Fique-se por aqui: não se sabe se os parlamentares, juízes e quejandos estão sendo mais severos por convicção no sentido de ser a repressão uma forma de se reduzir a criminalidade, ou medo do populacho. O temor, sabe-se bem, gerou grandes mudanças no trato dos problemas sociais, embora não adiantando grande coisa, porque cabeças e mais cabeças continuarão rolando, sem resultados palpáveis no correr do tempo. Se a acentuação da reprimenda, entretanto, for o resultado de opção outra, consistente na convicção de ser imprescindível uma resposta à altura da gravidade do delito, tal atitude não levará à redução da criminalidade especial sob questão. Os homicídios, sem exceção dos países em que a pena de morte é consequência da ocisão dolosa da vida humana, nem por isso caíram estatisticamente. Mais importante que tudo, parece, seria a efetividade da punição, repousando a mesma no bolso do infrator, à moda, mesmo, das Ordenações. Aliás, isso já se faz no Brasil há muito tempo, desgraçando-se o patrimônio dos meros suspeitos com autêntico salgamento do solo. A atividade sobre o patrimônio dos acusados não impede o grupamento de continuar no comportamento a ser castigado.
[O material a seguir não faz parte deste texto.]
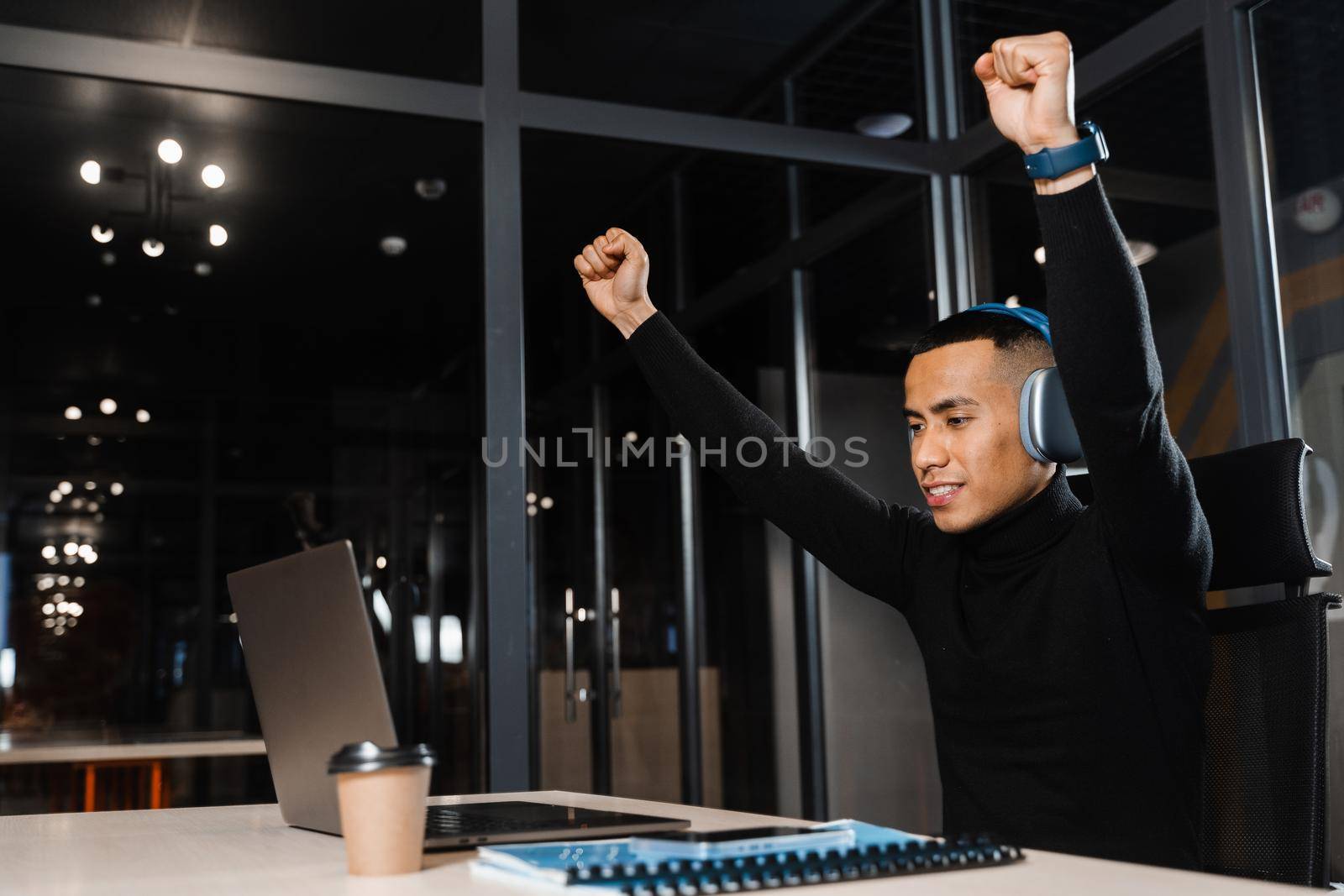 Asian man raises his hands and win bet online and earn money. Happy filipino guy with laptop and headphones celebrating victory in game by Rabizo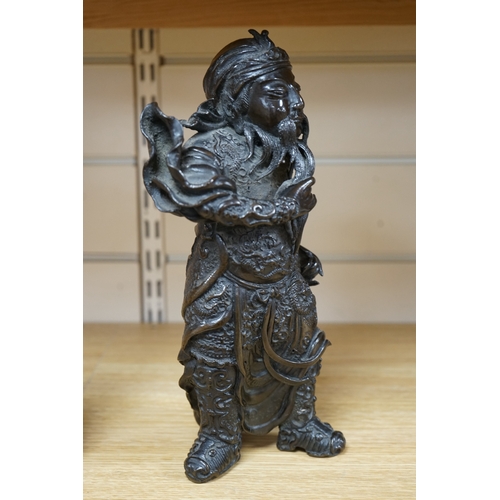 486 - A 20th century Chinese bronze figure of Guan Yu, 29cm. Condition - fair to good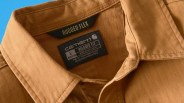Close-up of a brown Carhartt Rugged Flex shirt collar with black size and brand labels.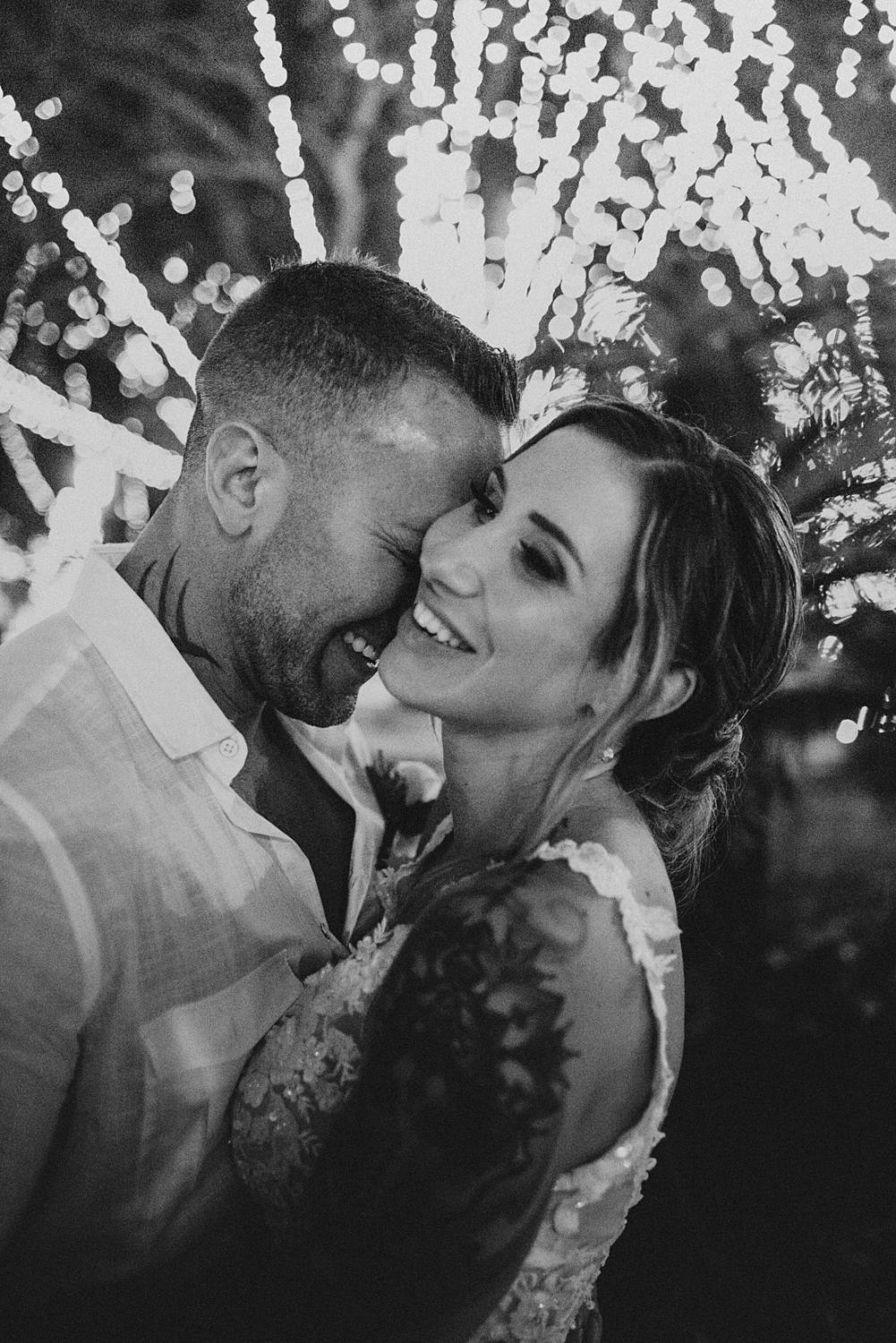 Bride and groom laughing at night of lights
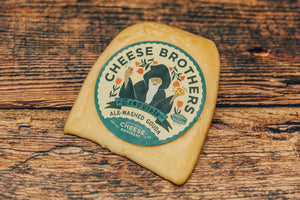 A package of ale-washed gouda on a wooden table.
Transformar-se a corrupção ativa e passiva em crime equiparado aos hediondos não impressiona os candidatos à delinquência. Talvez o retorno às penas corporais deformantes fosse uma solução para aqueles legisladores que estão a demonstrar, para o povo em geral e juristas em particular, acentuada vocação de remoralização do país. Assim, os tipos legais penais atinentes aos corruptos ativos e passivos seriam punidos, quando integrados, com variadas sanções: a) – mutilação do naso; b) – seccionamento da língua; c) – amputação da mão direita, se o suspeito for tenista e destro, optando-se pela esquerda na hipótese de usar a sinistra; d) – dilapidação dos pés, se e quando se cuidar de um jogador de futebol, ou até de um ciclista (há milhares em São Paulo). Valeria, aí, não só o decepamento dos membros e sentido referidos, mas a exposição pública do terror imposto ao delinquente. Tocante às mulheres, é lembrar “Os três mosqueteiros”. Houve uma personagem, Milady de Winter, que teve a flor-de-lis tatuada no peito a ferro quente. Pensem nisso, também, os juízes. Seria, talvez, solução razoável. Quem se anima a tanto?